# Exercise material

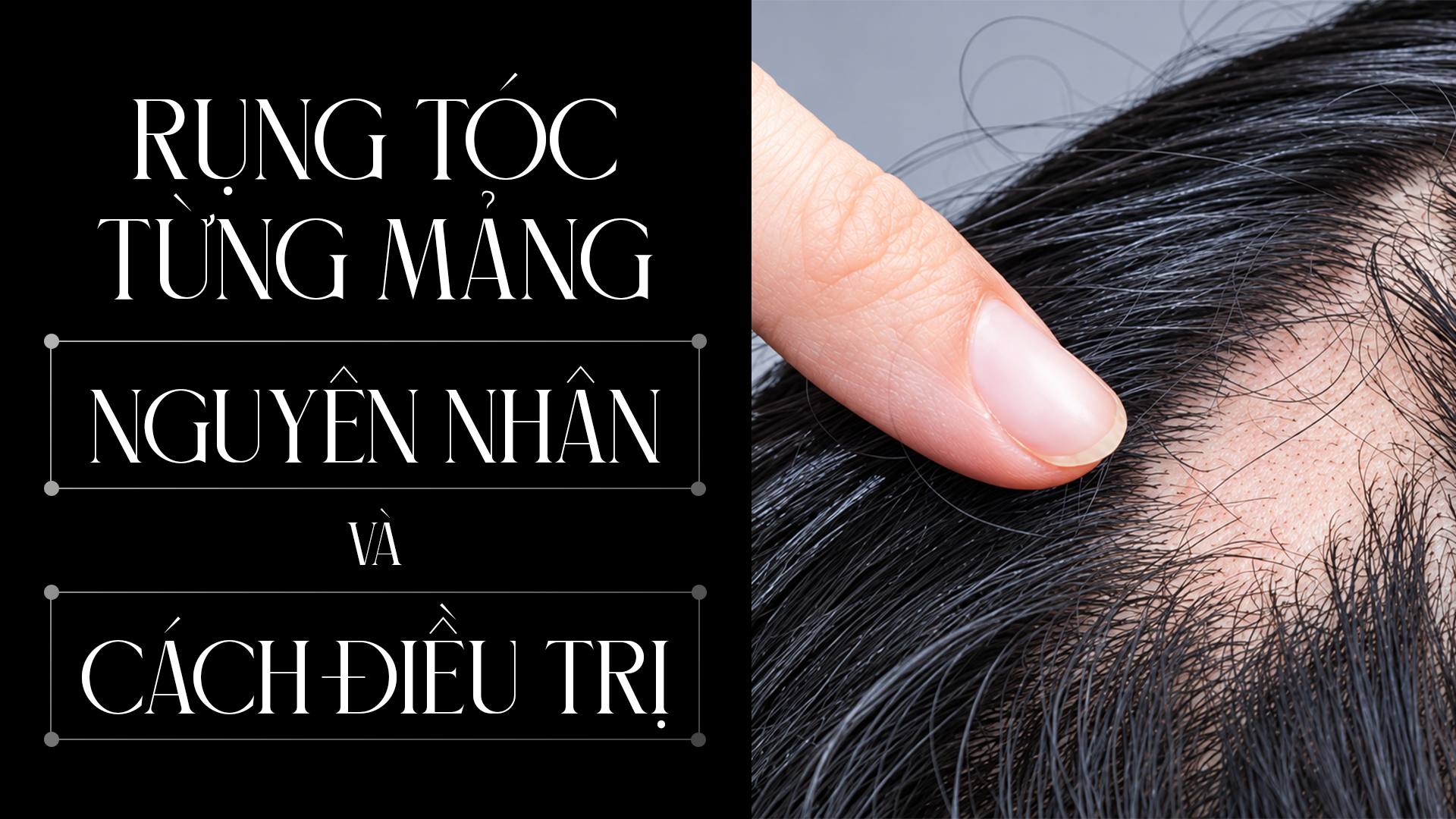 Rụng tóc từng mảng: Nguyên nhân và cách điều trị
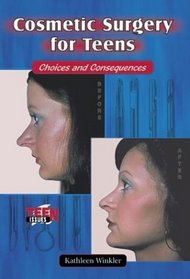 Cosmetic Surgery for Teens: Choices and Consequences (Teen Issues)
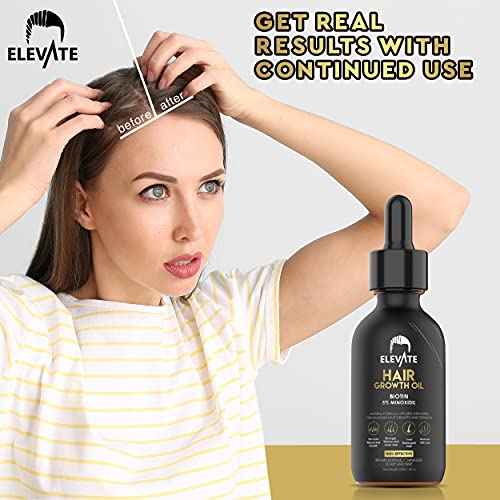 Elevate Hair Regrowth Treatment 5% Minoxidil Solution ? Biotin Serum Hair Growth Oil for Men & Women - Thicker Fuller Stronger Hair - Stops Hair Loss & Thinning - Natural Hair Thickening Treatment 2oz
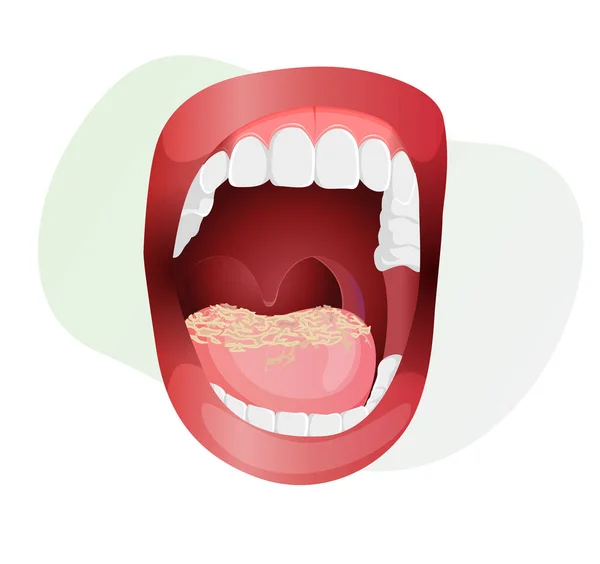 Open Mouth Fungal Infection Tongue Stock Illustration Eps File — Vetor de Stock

--

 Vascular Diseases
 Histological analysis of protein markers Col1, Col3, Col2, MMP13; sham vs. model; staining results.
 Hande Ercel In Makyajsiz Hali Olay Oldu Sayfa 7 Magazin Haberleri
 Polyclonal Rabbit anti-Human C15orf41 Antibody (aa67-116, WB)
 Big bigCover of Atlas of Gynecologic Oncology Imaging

* * *

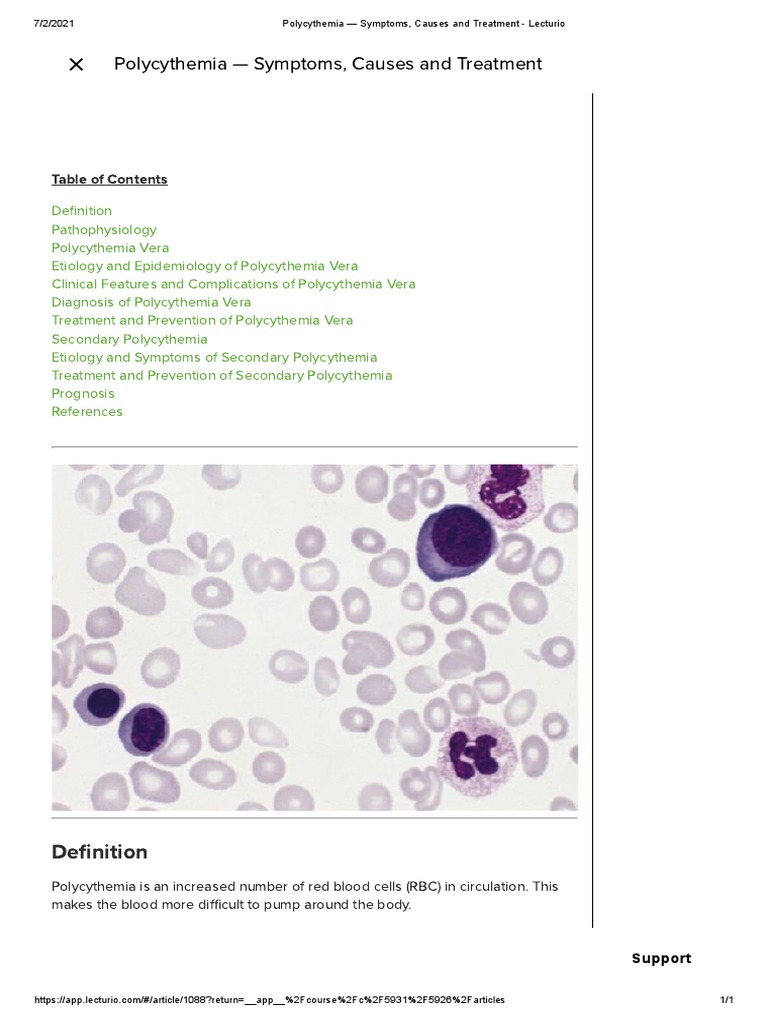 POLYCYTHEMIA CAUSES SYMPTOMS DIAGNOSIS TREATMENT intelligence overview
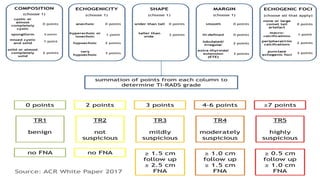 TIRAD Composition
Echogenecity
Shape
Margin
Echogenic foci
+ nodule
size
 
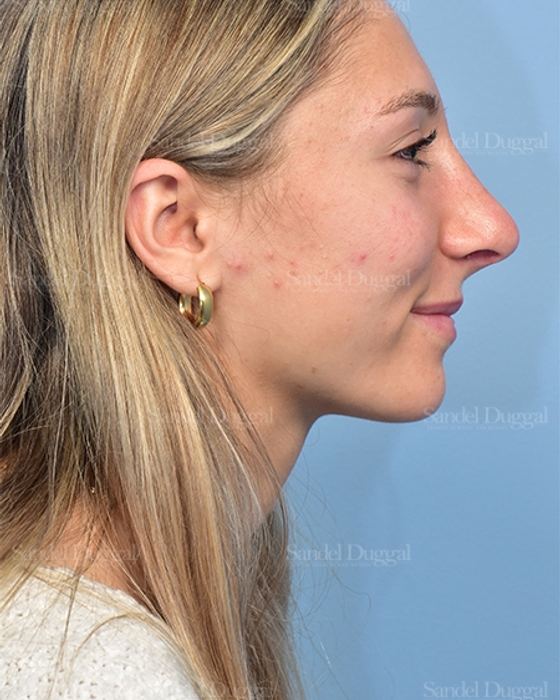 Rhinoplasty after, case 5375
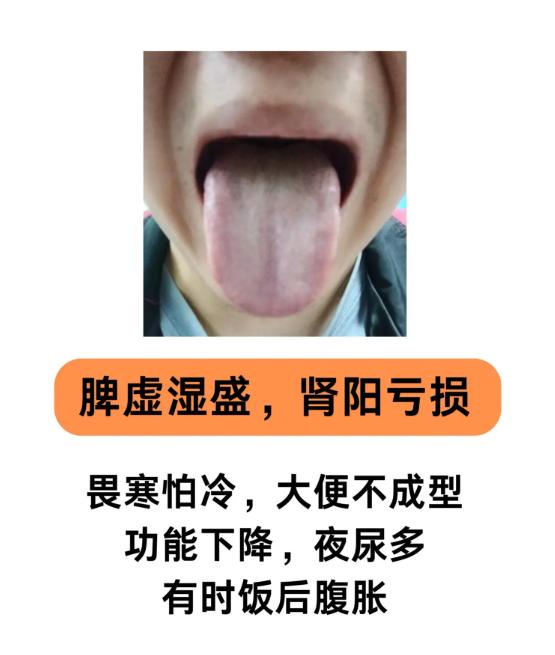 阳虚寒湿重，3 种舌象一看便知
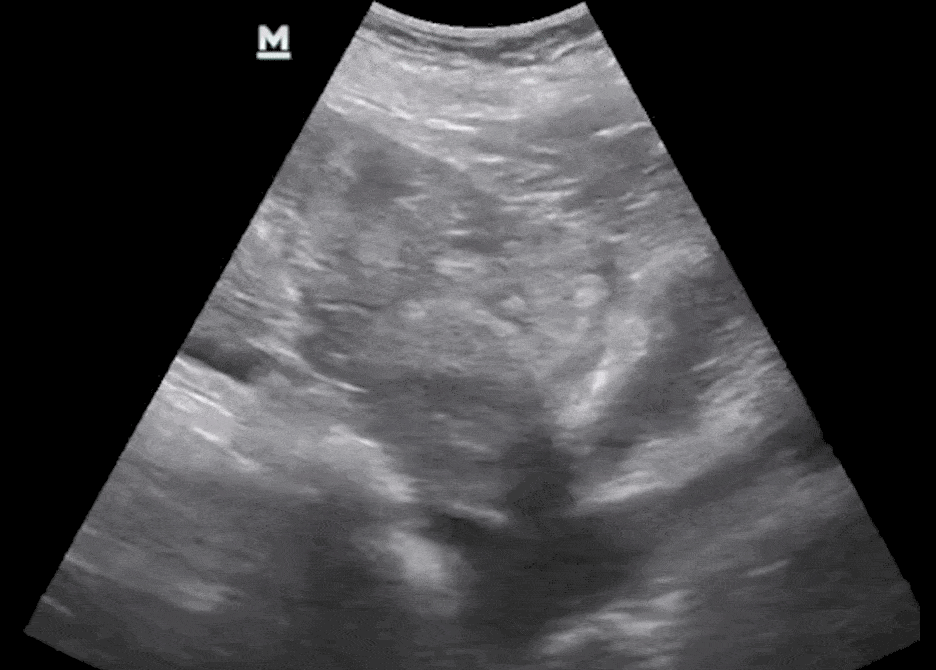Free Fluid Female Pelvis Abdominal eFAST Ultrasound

# What the task asks
With pictures omitted, repeat the entries above word for word from the line holding "Rụng tóc từng" down to the line holding "Cosmetic Surgery for", keeping both of those lines.

# Task solution
 Rụng tóc từng mảng: Nguyên nhân và cách điều trị
 Cosmetic Surgery for Teens: Choices and Consequences (Teen Issues)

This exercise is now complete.